Differences in the U3 regions of the LTRs of enFeLV and exFeLV
The conservation of these regions in enFeLV does not mean that the TBS are functional, but it would highlight their importance in the transcription machinery of these viruses. Some of the mechanisms that may abrogate the functionality of TBS are the methylation and subsequent deamination of CpG dinucleotides, which alter the binding sites of transcription factors (53), mutations and deletions (54). A TBS search with ALGGEN of a 26-nt and 13-nt deletions in all the C-sequences and the sequence in feline chromosome D2 compared to AY364318 and AY364319, respectively, and a 21-nt deletion also present in the same area of exFeLV compared to AY364318 (Fig. 1S) indicated that this area did not contain TBS. Thus, the indel had occurred in an area of the LTR potentially irrelevant for transcription. Because the C-30 sequence was the least homologous to the other enFeLV sequences (Fig. 1S), we studied the presence of its TBS separated from the other C-sequences. The analysis showed that the TBS were very similar to those in the other C-sequences, except that an NF-1 site had disappeared in C-30 that in all other C-sequences is located from nucleotide − 303 to -308.

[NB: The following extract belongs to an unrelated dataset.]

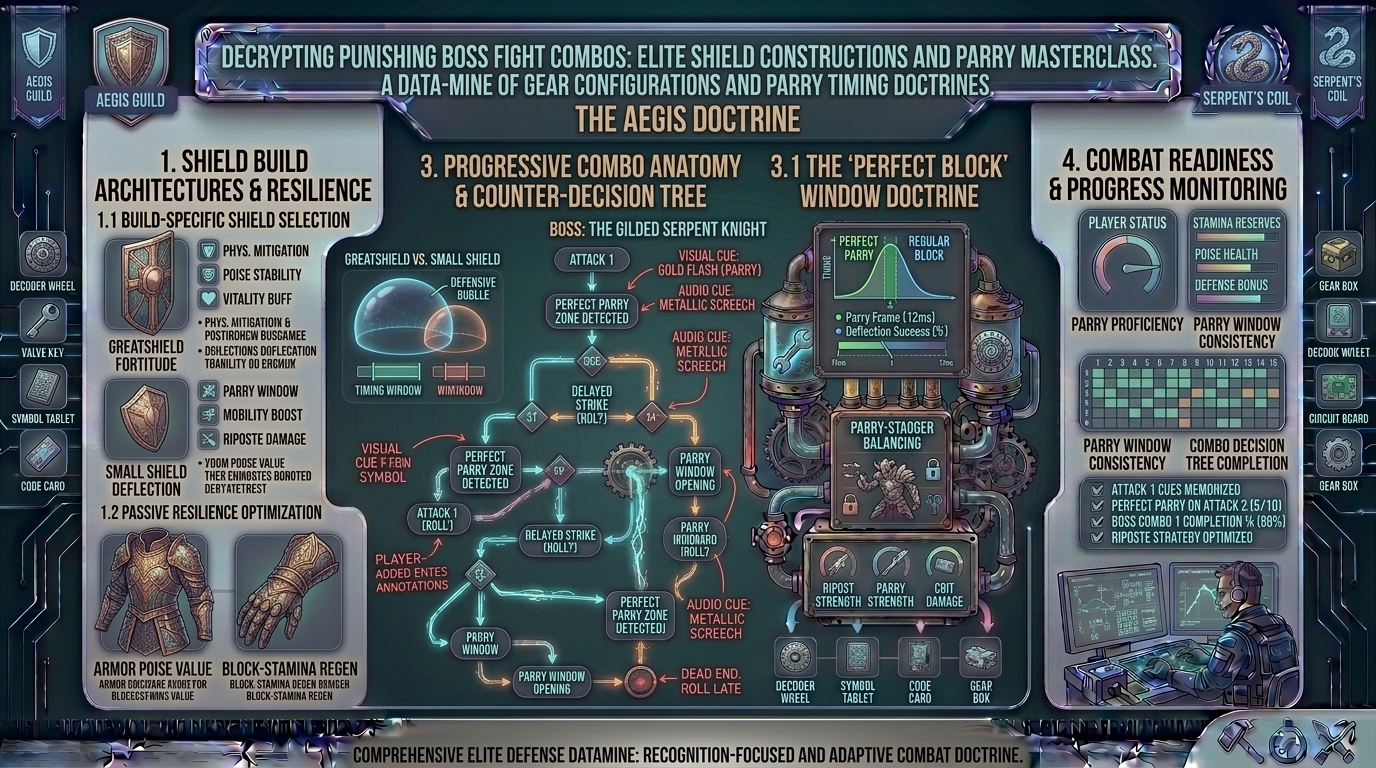 what are the best defensive shield builds and parry timing techniques for surviving punishing boss fight combos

Distribution of TBS within the U3 regions
When analyzing the distribution of TBS in the different LTRs, "hot spot" regions with six or more overlapping TBS were detected in all of them (Figs. 2 and 3). For example, the C-sequences and the other enFeLV had three of those clusters, at nucleotides − 372 to -365 (cluster of 10 TBS), at -313 to -305 (cluster of 12 TBS), and at -295 to -290 (cluster of 12 TBS). All three clusters included many TBS related with innate and adaptive immunity. The clustering of TBS may be a consequence of cooperation between sites as stated above for the LVb/core/NF1/GRE and NF-AT/AP-1.

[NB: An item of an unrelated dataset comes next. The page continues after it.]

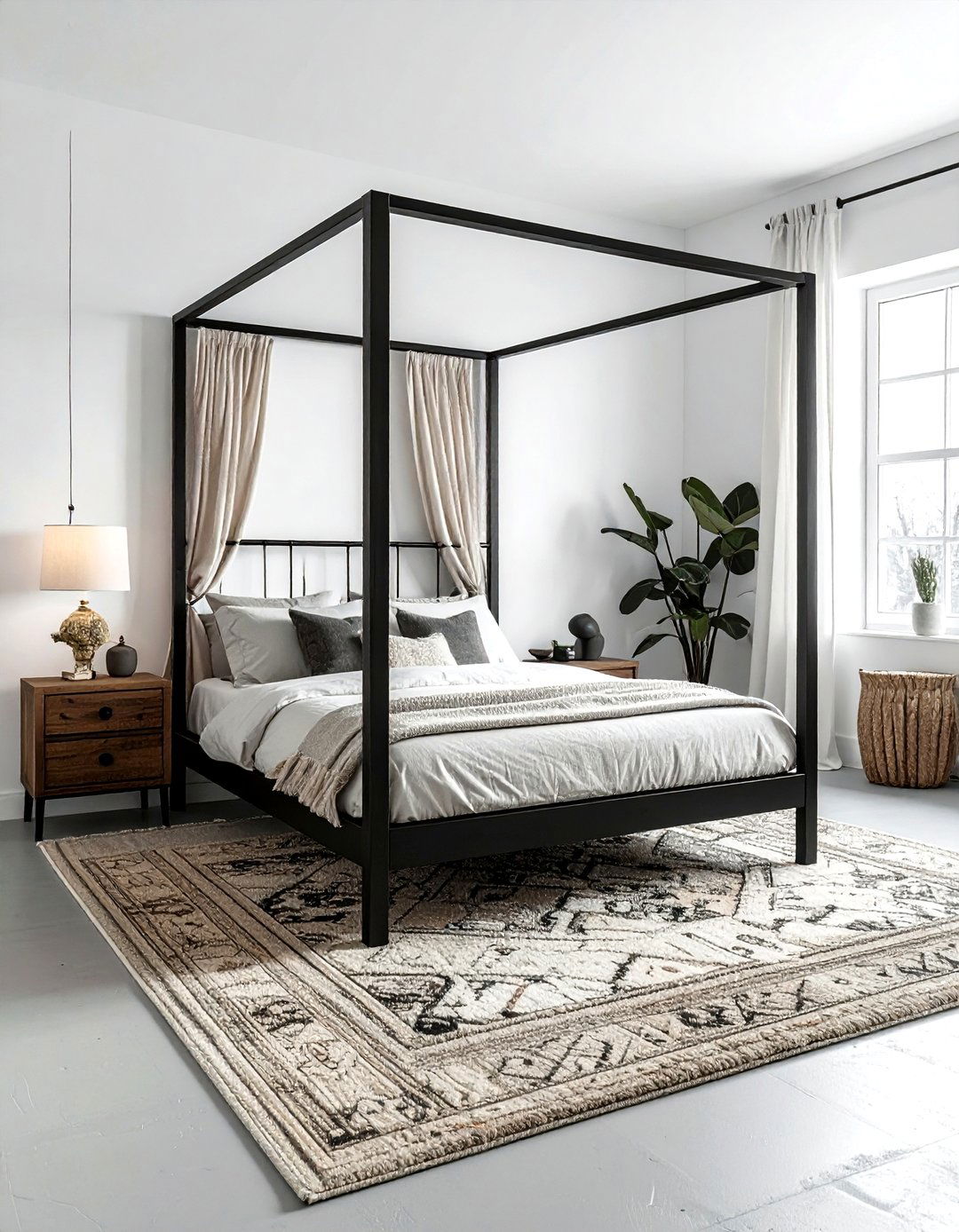 Black Metal Canopy Bed - 30 rustic black bedroom ideas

In conclusion, a similar number and type of TBS were found in feline enFeLV (including 8 C-sequences from Spanish cats and an LTR-like sequence in the feline chromosome D2) and exFeLV LTRs. The study benefits from the existence of enFeLV, very closely related to exFeLV, making comparisons between both very interesting. The integrity of most TBS in enFeLV LTRs and their great resemblance to those present in exFeLV may suggest that they may work as regulatory elements in cis to control the expression of multiple genes. A similar number and type of TBS were also found in other gammaretroviruses that affect different species (GALV, MuLV, KoRV). A high degree of conservation in some TBS was observed in most of the viruses studied, even in the endogenous forms, which could be related to the biology and the replication strategies of these viruses or to the evolutionary adaptation to the cellular host. However, the presence of a particular TBS in the endogenous retroviral sequences does not necessarily mean that they can respond to cellular factors or signals or could even represent a potential risk in case of infection with exogenous retrovirus homologs. To determine whether the TBS of endogenous sequences are actually functional, additional analyses should be performed studying the expression of messenger RNA, from which the functional protein would be synthesized, after stimulating the host cell or after cloning in a vector.